MATERIAL FOR THE TASK:
----

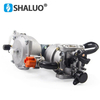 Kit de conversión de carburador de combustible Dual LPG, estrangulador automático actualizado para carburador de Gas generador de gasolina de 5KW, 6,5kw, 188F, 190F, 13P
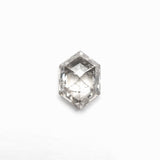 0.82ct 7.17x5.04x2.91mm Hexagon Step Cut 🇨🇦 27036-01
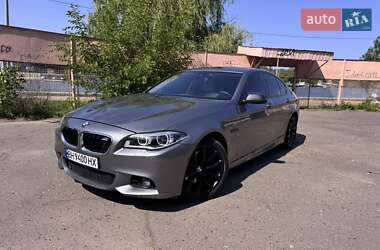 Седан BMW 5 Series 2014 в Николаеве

----

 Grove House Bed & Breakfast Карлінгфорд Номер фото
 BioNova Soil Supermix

----

TASK DIRECTIONS: Above are some entries; copy exactly the lines from the line with "Kit de conversión" through the line with "Седан BMW 5 Series 2014 в Николаеве", both included, but none of the pictures.

ANSWER FOR THIS EXERCISE:
 Kit de conversión de carburador de combustible Dual LPG, estrangulador automático actualizado para carburador de Gas generador de gasolina de 5KW, 6,5kw, 188F, 190F, 13P
 0.82ct 7.17x5.04x2.91mm Hexagon Step Cut 🇨🇦 27036-01
 Седан BMW 5 Series 2014 в Николаеве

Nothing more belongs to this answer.